How is the wave speed of a string the same as calculating the speed using kinematics?

Answer 1

Hint: Waves oscillate in a string as transverse waves. Waves have different properties which are used to describe them like wavelength, amplitude, frequency etc. The wave speed is related to wavelength and frequency while speed in kinematics is related to distance and time.

Complete solution:
A wave is a disturbance which moves forward by transferring its disturbance to the other molecules in contact. It has different properties like wavelength, frequency, speed etc.
The distance over which the shape of a wave repeats is known as wavelength. In a transverse wave, it can be defined as the distance between two troughs or crests. Its SI unit is metre ($m$).

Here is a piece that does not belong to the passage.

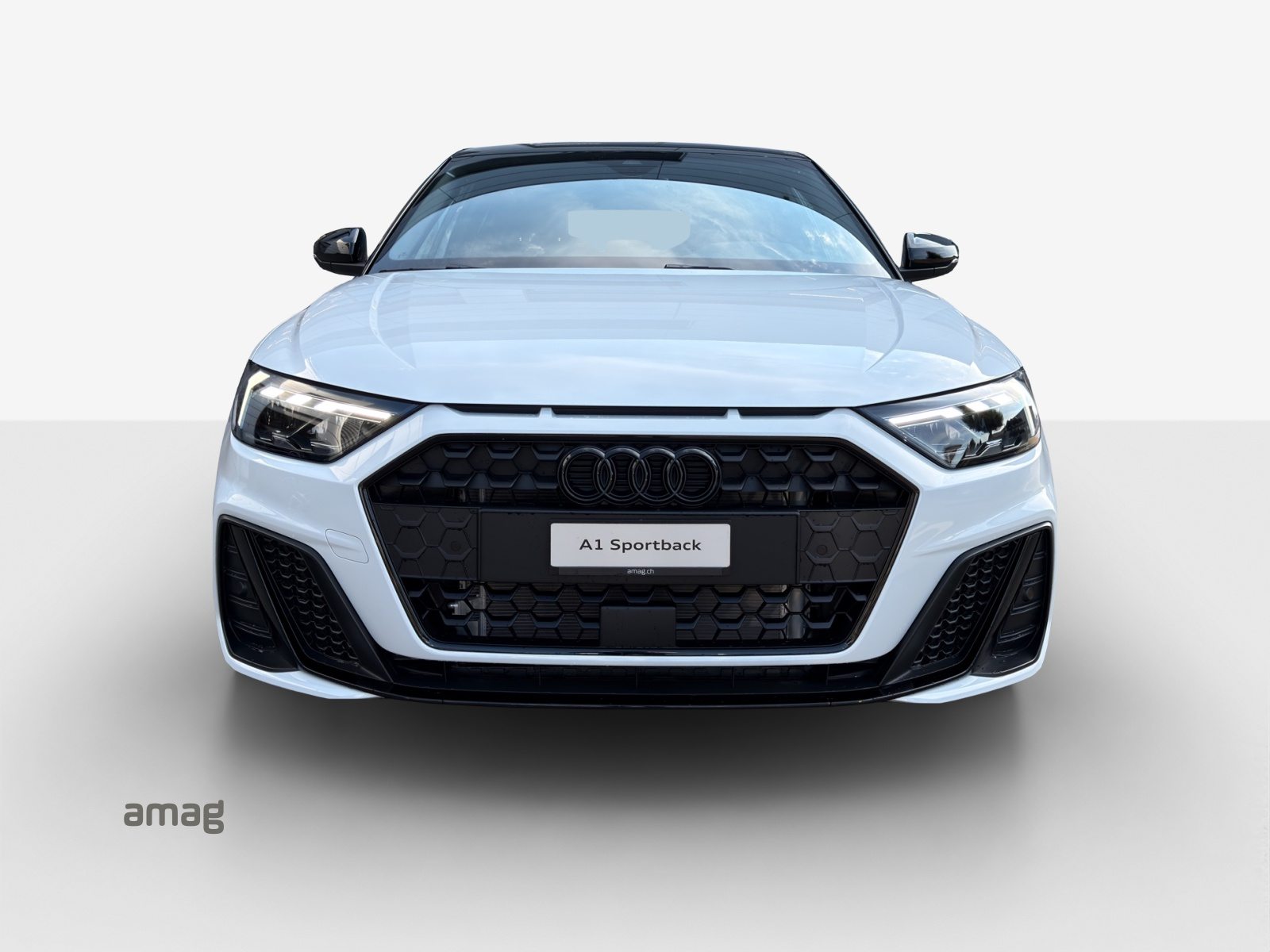 AUDI A1 Sportback 30 TFSI S line Attraction, Essence, Voiture de démonstration, Automatique - 7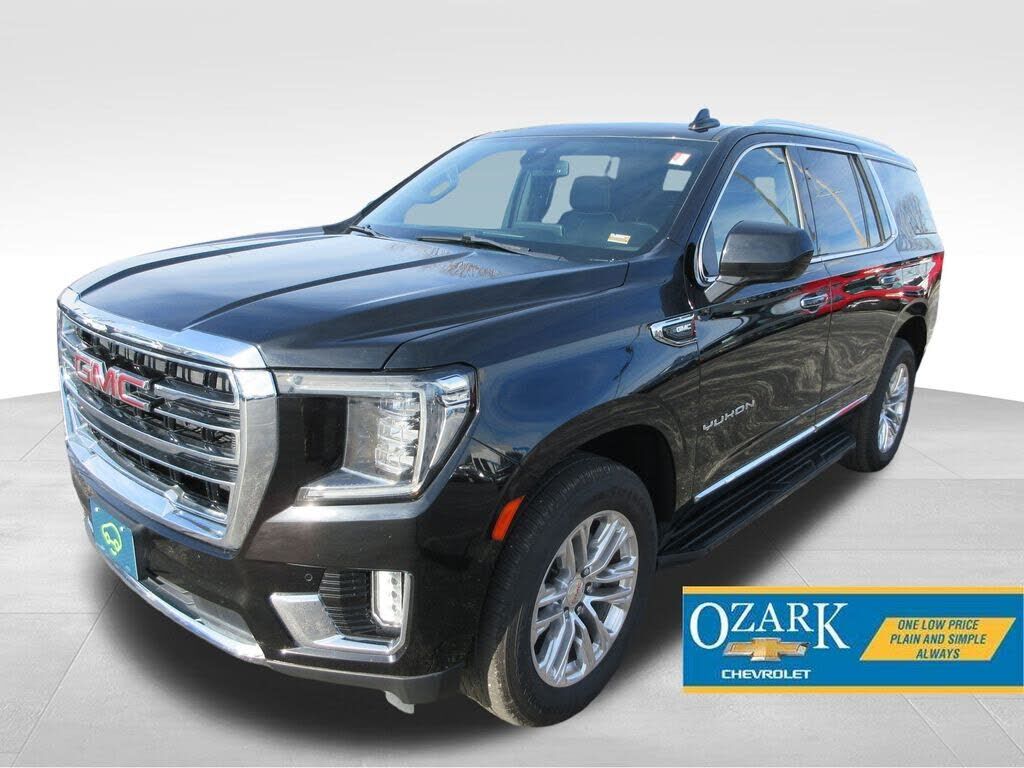 2021 GMC Yukon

Frequency is the number of oscillations of a wave that occurred in one second. It is the reciprocal of time period. Its SI unit is hertz ($Hz$).

The time in which one oscillation is completed by a wave is known as the time period of the
wave. Its SI unit is seconds ($s$).

Speed of the wavelength is the distance travelled by a point on a wave in unit time. Its SI unit is $m{{s}^{-1}}$.

The relation between wavelength, frequency and speed is given by-
$v=\lambda \nu $
Here, $v$ is the speed
$\lambda $ is the wavelength
$\nu $ is the frequency

We know that,
$\nu =\dfrac{1}{T}$
Here, $T$ is the time period

Substituting in above equation, we get,
$v=\dfrac{\lambda }{T}$ - (1)
Speed in kinematics is given by-
$s'=\dfrac{d}{t}$ - (2)
Here, $d$ is the distance
$t$ is the time taken

Comparing eq (1) and eq (2), we get,
Wavelength is the distance travelled by a point on the wave and time period is the time taken to travel by the point on the wave to travel the distance. Hence, we can say that the speed of a wave is similar to the speed calculated in kinematics.

Therefore, from eq (1) and eq (2), the wave speed of a string is the same as speed in kinematics.

Note:
The wave speed of a string can be assumed as the speed in kinematic of a point moving through the length of the string. A string produces transverse waves which move by forming crests and troughs. Electromagnetic waves are transverse waves; they do not require a medium to propagate.